A new machine learning model makes more accurate predictions about ocean currents, which could help track plastic pollution and oil spills, as well as search and rescue. To study ocean currents, scientists release GPS-tagged buoys into the ocean and record their speed to reconstruct the currents that carried them. These buoy data are also used to detect “fits”, which are areas where water rises from the surface or sinks below the surface.
By accurately predicting currents and identifying inconsistencies, scientists can more accurately predict weather, predict approximately how oil will spread after a spill, or measure energy transfer in the ocean. A new model involving machine learning makes more accurate predictions than traditional models, according to a new study.
A multidisciplinary team of researchers, including MIT computer scientists and oceanographers, has discovered that the standard statistical model widely used for buoy data can be difficult to accurately reproduce currents or identify anomalies because it makes unrealistic assumptions about the behavior of water.
Researchers have developed a new model that incorporates information from fluid dynamics to better reflect the physics at work in ocean currents. They show that their method, which requires only a small additional computational cost, is more accurate than the traditional model at estimating currents and detecting inconsistencies.
This new model can help oceanographers make more accurate predictions based on buoy data, allowing them to more effectively monitor the transport of biomass (such as sargassum), carbon, plastic, oil and nutrients in the ocean. This information is also important for understanding and monitoring climate change.

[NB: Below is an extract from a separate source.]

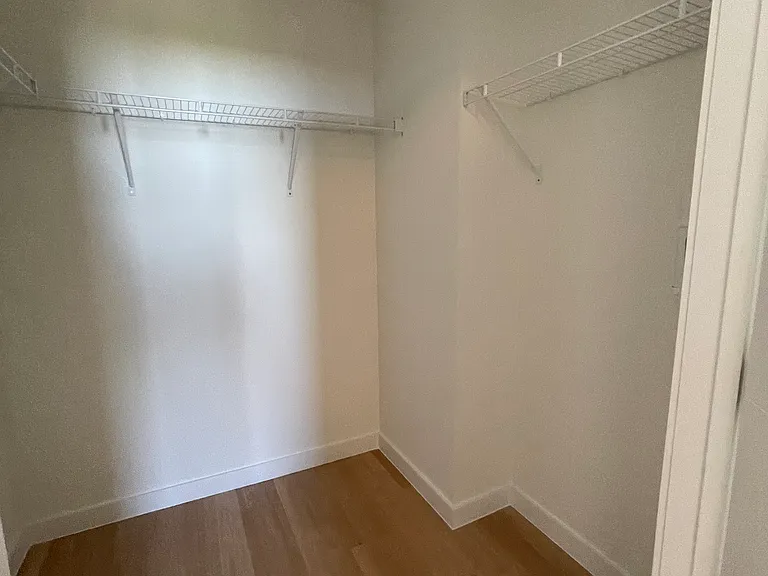 10823 Biscayne Blvd — Photo 5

“Our method captures the physical assumptions more accurately and precisely. In this case, we already know a lot of physics. We need this information so that the model can focus on learning about things that are important to us, such as what the currents from the buoys are or what this deviation is and where it occurs. “We feed you some of it.

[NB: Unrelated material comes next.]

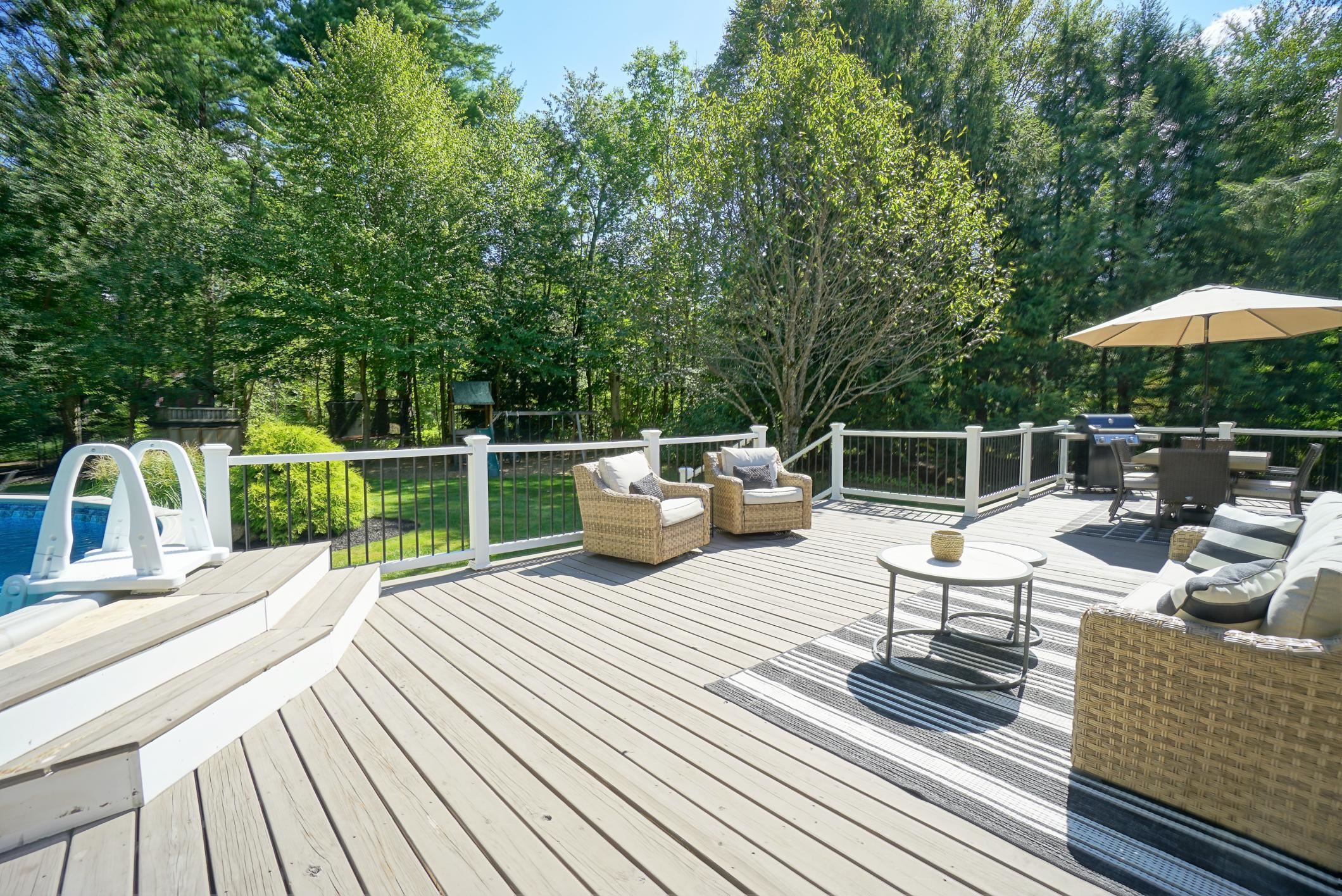 10 Pinewood Drive Hampstead, NH 03841 - Photo 39 of 53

Oceanographers use buoy velocity data to predict ocean currents and identify “differences” where water rises to the surface or sinks deeper.

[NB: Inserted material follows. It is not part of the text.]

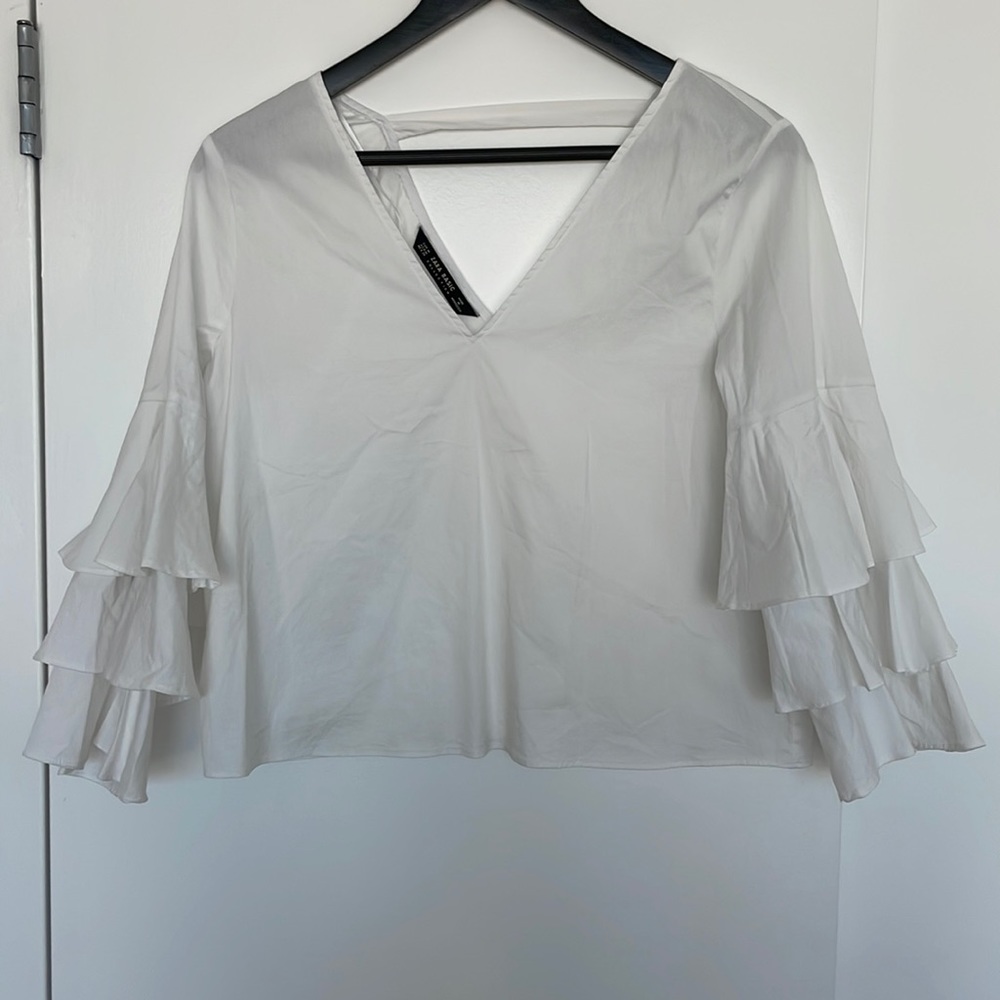 NWOT Zara Ruffle Sleeve Top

To predict currents and detect inconsistencies, oceanographers used a machine learning technique known as the Gaussian process, which can make predictions even when little data is available. To perform well in this case, the Gaussian process must make assumptions about the data to generate an estimate.
The standard way of applying the Gaussian process to ocean data assumes that the latitude and longitude components of the current are uncorrelated. However, this assumption is not physically correct. For example, this current model assumes that current drift and eddy (eddy motion of the liquid) operate at the same magnitude and length scales. Broderick says oceanographers know that’s not true. The previous model also assumes that the frame of reference has a value, which means that the fluid will behave differently in the latitude and longitude directions.
“We thought we could solve these problems with a model that includes physics,” he says.
They created a new model that uses the so-called Helmholtz expansion to accurately represent the fluid dynamics principles. This method models the ocean current by separating it into an eddy component (capturing the eddy motion) and a diverging component (capturing the rise or fall of water). In this way, they provide the model with the basic physics information it uses to make more accurate predictions. This new model uses the same data as the old model. And while their method is more computationally intensive, the researchers show that the additional cost is relatively small.
high efficiency
They evaluated the new model using synthetic and real data from ocean buoys. Because the synthetic data is generated by the researchers, they can compare the model predictions with the actual flows and drifts available. But the simulations make assumptions that may not reflect real life, so the researchers also tested their models using data from real buoys floating in the Gulf of Mexico.
In all cases, their methods performed better for both tasks, current prediction and discrepancy detection, compared to a standard Gaussian process and another machine learning approach using a neural network. For example, in a simulation involving a whirlpool alongside an ocean current, the new method accurately predicted deflection while previous Gaussian process and neural network methods predicted deflection with very high confidence.
Broderick adds that the technique is also good for detecting eddies from a small set of floats.
Now that they have demonstrated the effectiveness of using the Helmholtz decomposition, the researchers want to add an element of time to their model, as currents can vary in both time and space. They also want to better capture how noise, such as wind, which sometimes affects buoy speed, affects data. Separating this noise from the data could make their approximation more accurate.
“We hope to take this noisy observed velocity field from the buoys and then tell what the real deflection and the real eddy are and predict the distance from those buoys, and we think our new technique will help with that,” he says.